START Entries shown

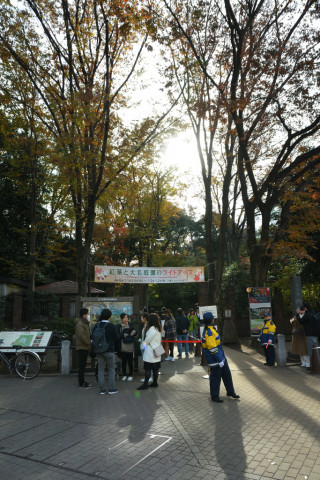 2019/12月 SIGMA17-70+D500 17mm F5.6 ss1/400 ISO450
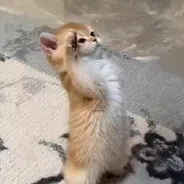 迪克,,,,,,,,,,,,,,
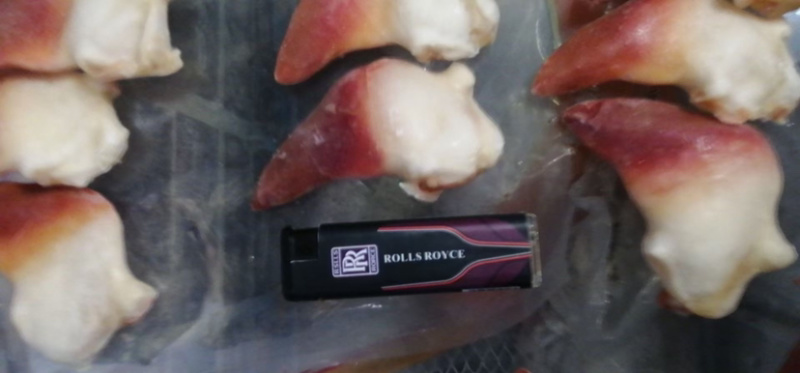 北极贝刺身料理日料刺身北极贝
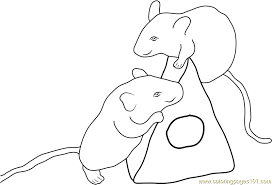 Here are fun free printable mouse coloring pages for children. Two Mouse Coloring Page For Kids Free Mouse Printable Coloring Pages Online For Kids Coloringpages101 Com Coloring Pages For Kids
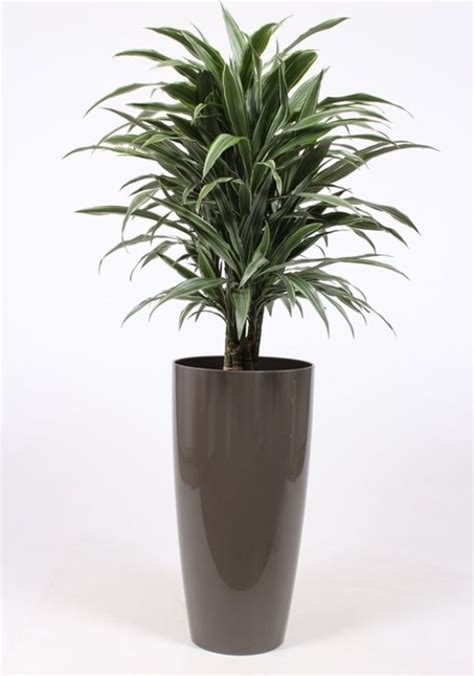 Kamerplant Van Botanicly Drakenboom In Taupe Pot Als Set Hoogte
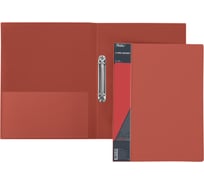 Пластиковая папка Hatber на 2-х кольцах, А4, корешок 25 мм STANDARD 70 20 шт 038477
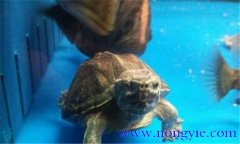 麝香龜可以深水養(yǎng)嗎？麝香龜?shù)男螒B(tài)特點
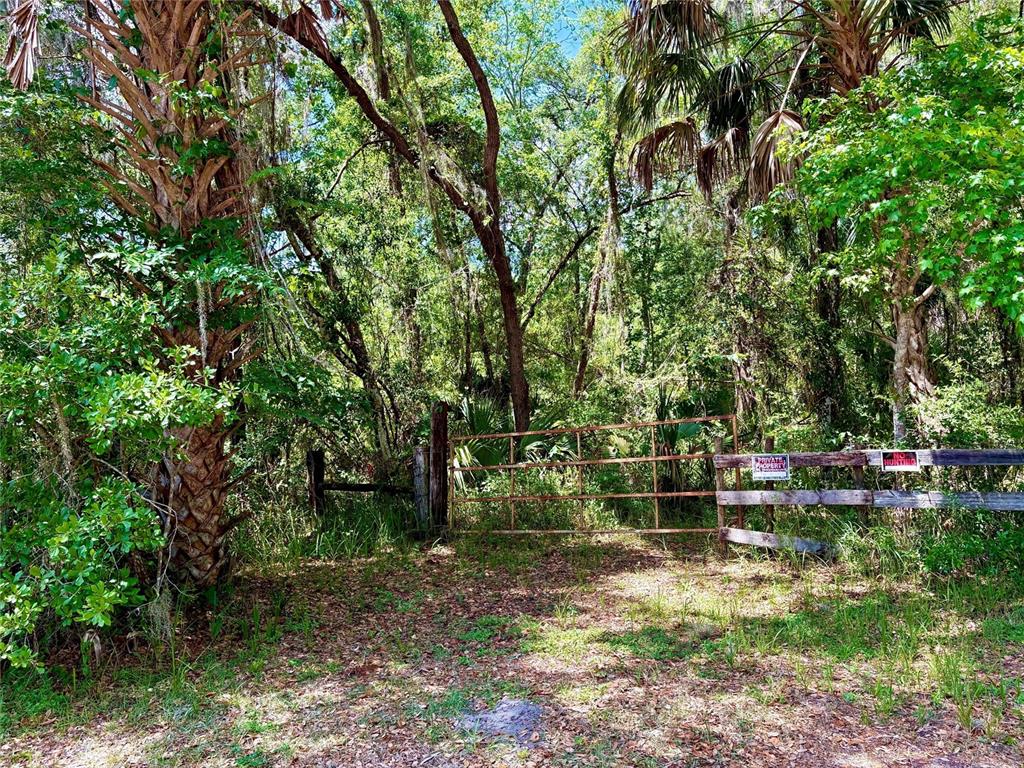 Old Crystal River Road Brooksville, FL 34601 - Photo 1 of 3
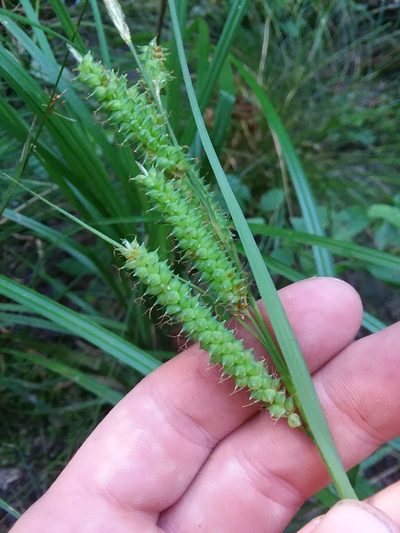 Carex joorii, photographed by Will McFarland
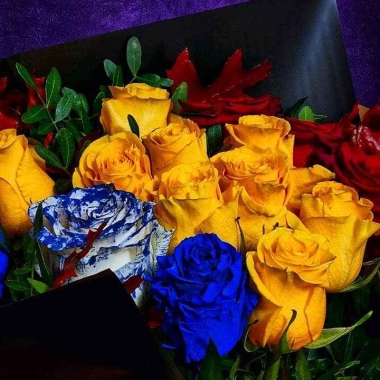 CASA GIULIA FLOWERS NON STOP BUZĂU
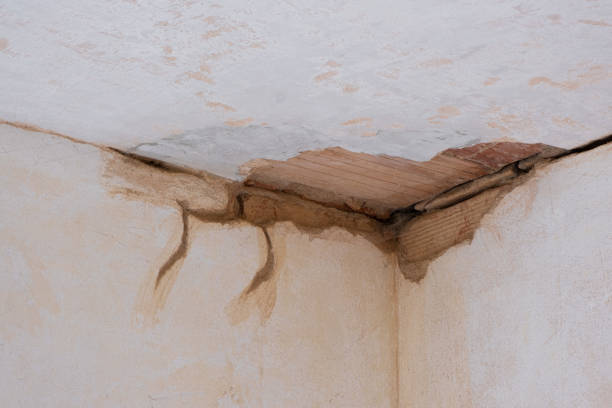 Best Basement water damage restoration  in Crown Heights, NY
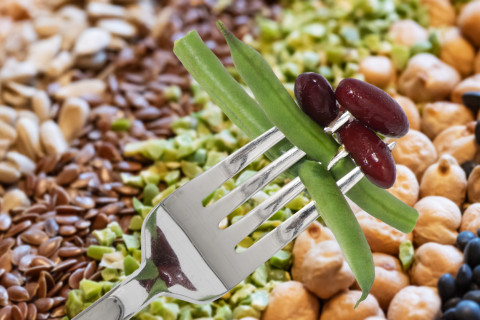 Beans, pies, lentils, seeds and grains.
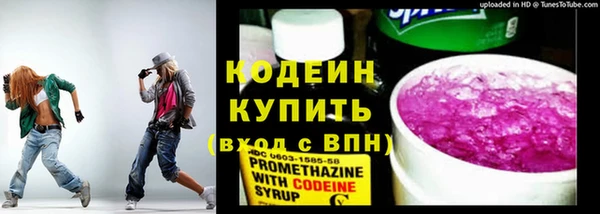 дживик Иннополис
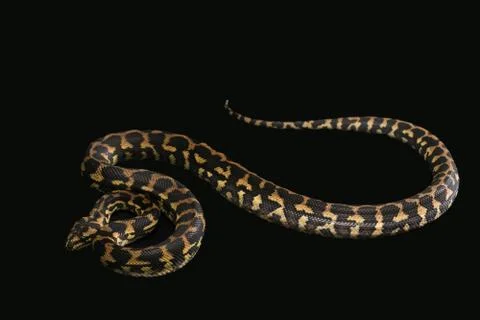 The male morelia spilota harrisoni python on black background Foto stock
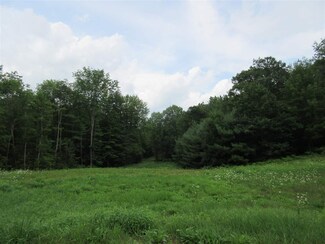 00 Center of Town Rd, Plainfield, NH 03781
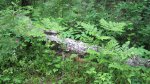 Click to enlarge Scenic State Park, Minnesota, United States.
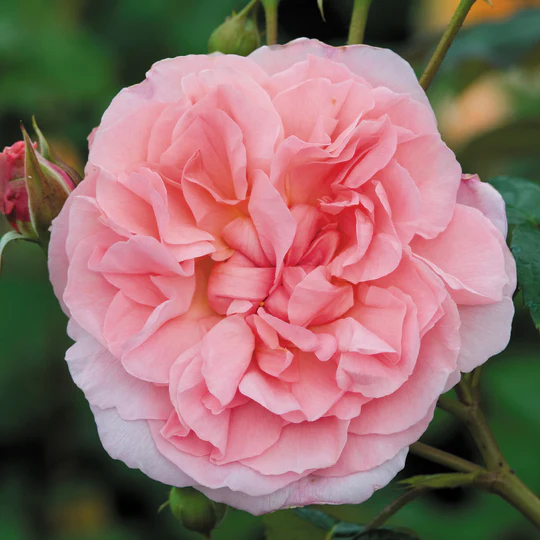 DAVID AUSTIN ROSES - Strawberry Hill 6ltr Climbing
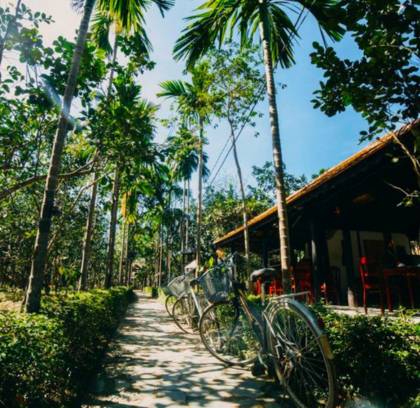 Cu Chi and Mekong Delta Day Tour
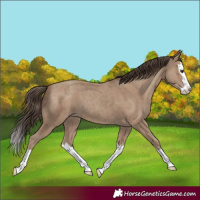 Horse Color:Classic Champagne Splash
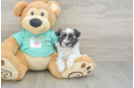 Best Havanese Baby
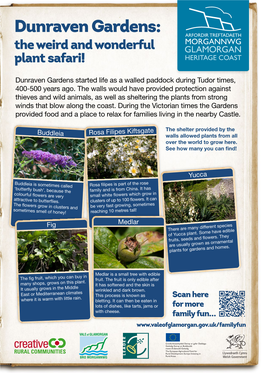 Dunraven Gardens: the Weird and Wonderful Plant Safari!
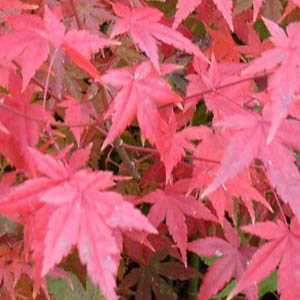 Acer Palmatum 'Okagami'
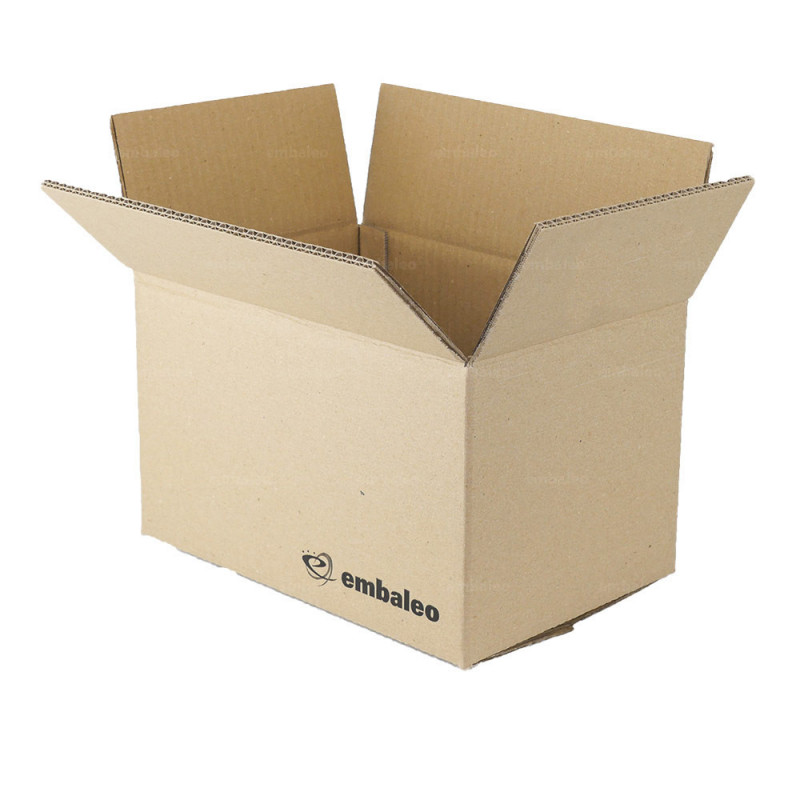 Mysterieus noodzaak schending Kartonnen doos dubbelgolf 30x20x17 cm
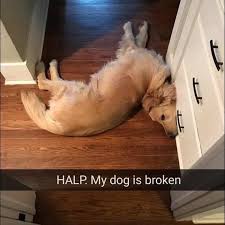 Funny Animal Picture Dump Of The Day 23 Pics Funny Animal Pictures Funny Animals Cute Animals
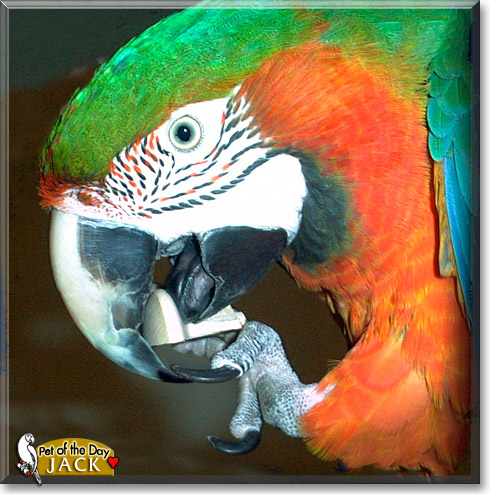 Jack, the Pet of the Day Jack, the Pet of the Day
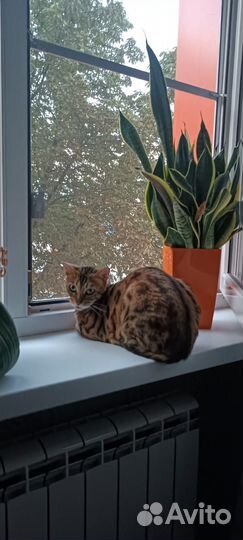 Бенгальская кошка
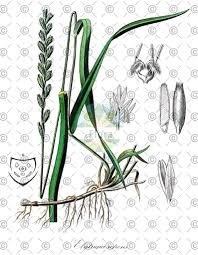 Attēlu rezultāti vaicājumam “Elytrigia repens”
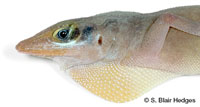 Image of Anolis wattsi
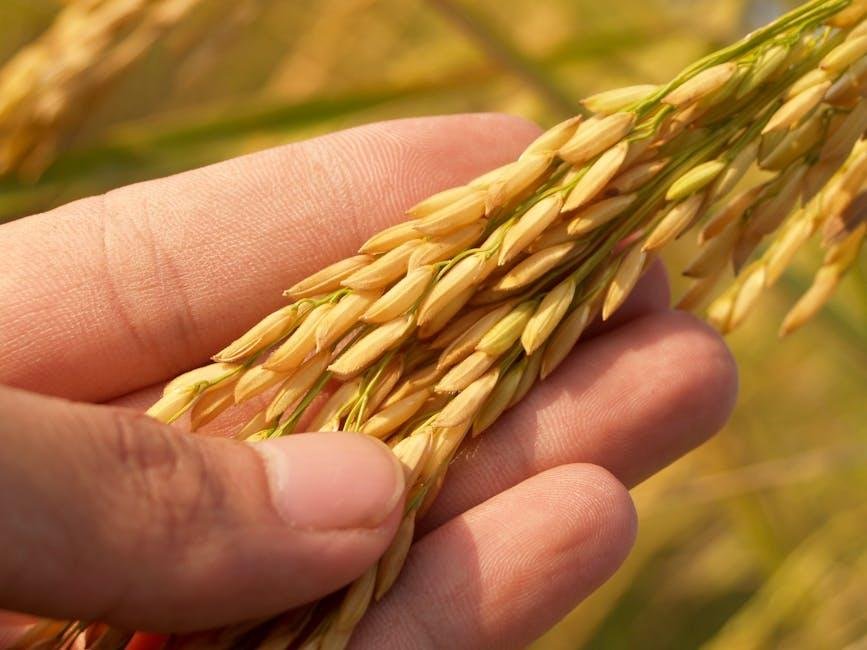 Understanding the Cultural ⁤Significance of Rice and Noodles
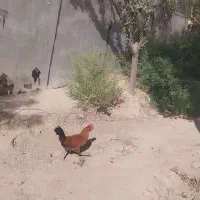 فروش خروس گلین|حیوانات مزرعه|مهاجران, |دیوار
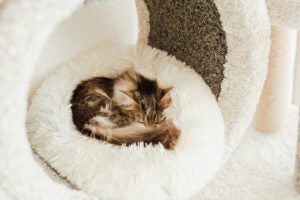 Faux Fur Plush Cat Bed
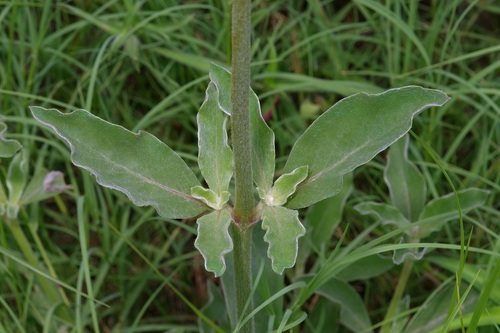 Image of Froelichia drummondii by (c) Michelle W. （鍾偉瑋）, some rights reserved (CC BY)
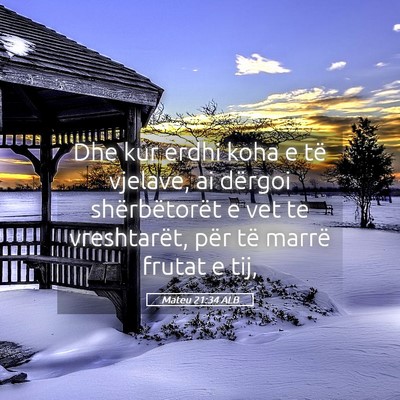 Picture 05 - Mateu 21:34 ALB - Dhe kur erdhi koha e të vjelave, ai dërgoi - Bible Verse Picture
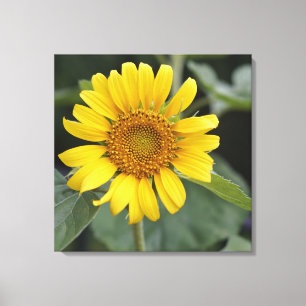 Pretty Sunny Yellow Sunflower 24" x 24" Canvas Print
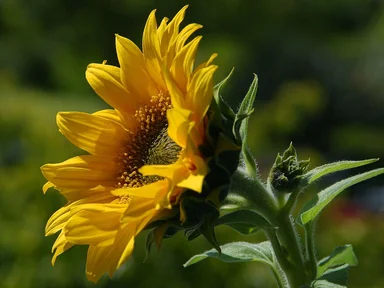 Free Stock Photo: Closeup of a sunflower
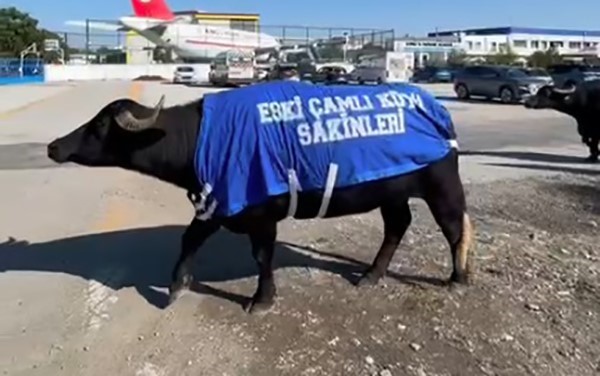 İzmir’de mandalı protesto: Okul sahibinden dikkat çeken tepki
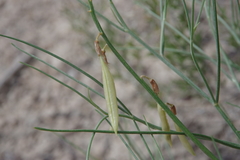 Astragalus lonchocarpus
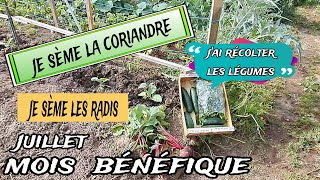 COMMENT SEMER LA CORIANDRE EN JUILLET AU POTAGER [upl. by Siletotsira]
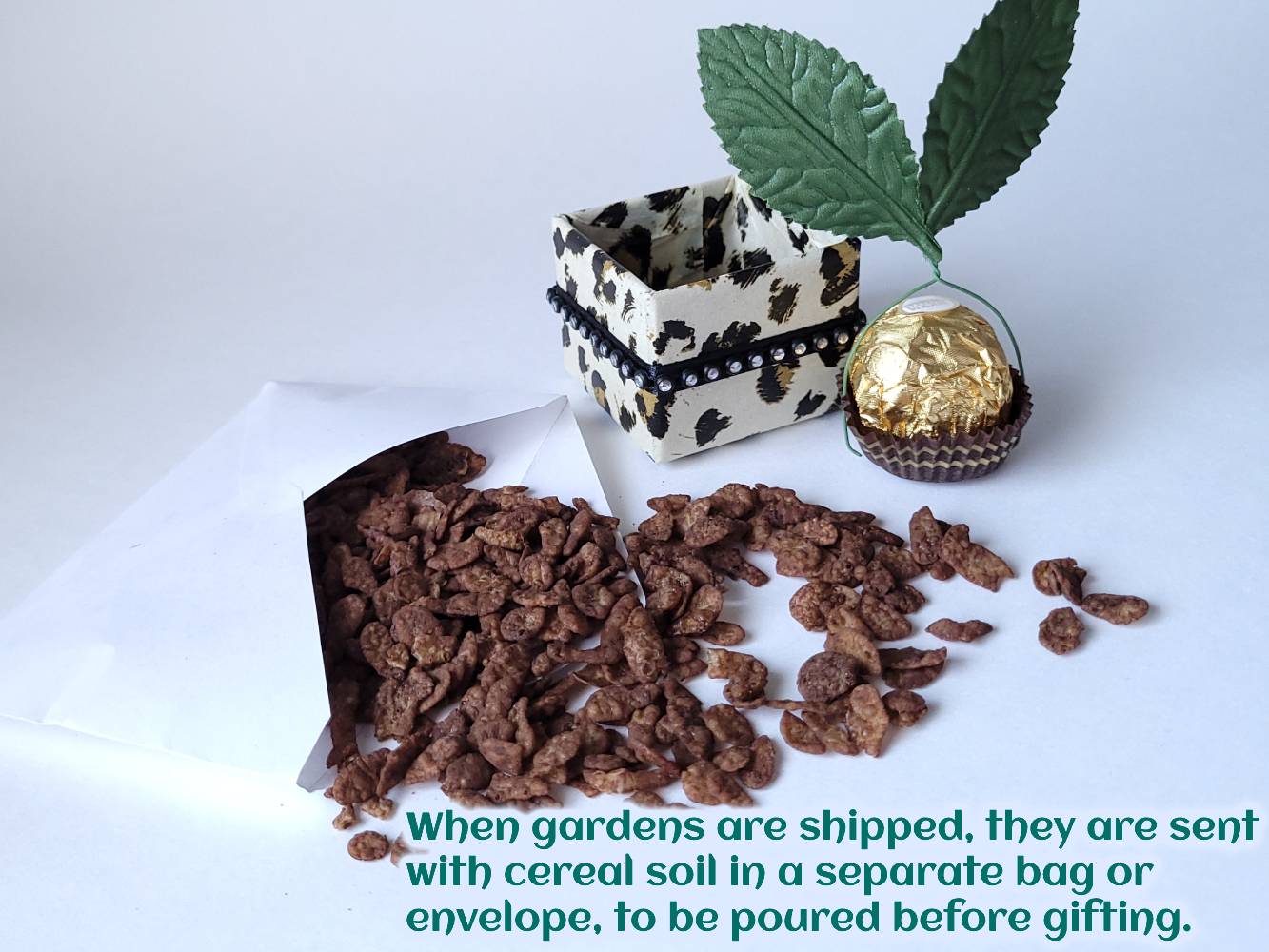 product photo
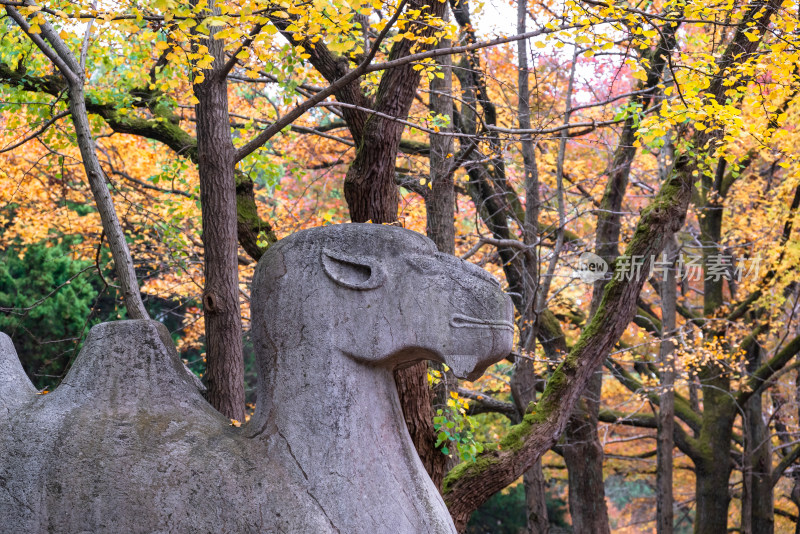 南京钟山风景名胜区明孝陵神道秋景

END Entries shown

Before answering, please find the line containing "Dunraven Gardens: the" above, then copy exactly from it through the last line of the entries, both included, without pictures.

 Dunraven Gardens: the Weird and Wonderful Plant Safari!
 Acer Palmatum 'Okagami'
 Mysterieus noodzaak schending Kartonnen doos dubbelgolf 30x20x17 cm
 Funny Animal Picture Dump Of The Day 23 Pics Funny Animal Pictures Funny Animals Cute Animals
 Jack, the Pet of the Day Jack, the Pet of the Day
 Бенгальская кошка
 Attēlu rezultāti vaicājumam “Elytrigia repens”
 Image of Anolis wattsi
 Understanding the Cultural ⁤Significance of Rice and Noodles
 فروش خروس گلین|حیوانات مزرعه|مهاجران, |دیوار
 Faux Fur Plush Cat Bed
 Image of Froelichia drummondii by (c) Michelle W. （鍾偉瑋）, some rights reserved (CC BY)
 Picture 05 - Mateu 21:34 ALB - Dhe kur erdhi koha e të vjelave, ai dërgoi - Bible Verse Picture
 Pretty Sunny Yellow Sunflower 24" x 24" Canvas Print
 Free Stock Photo: Closeup of a sunflower
 İzmir’de mandalı protesto: Okul sahibinden dikkat çeken tepki
 Astragalus lonchocarpus
 COMMENT SEMER LA CORIANDRE EN JUILLET AU POTAGER [upl. by Siletotsira]
 product photo
 南京钟山风景名胜区明孝陵神道秋景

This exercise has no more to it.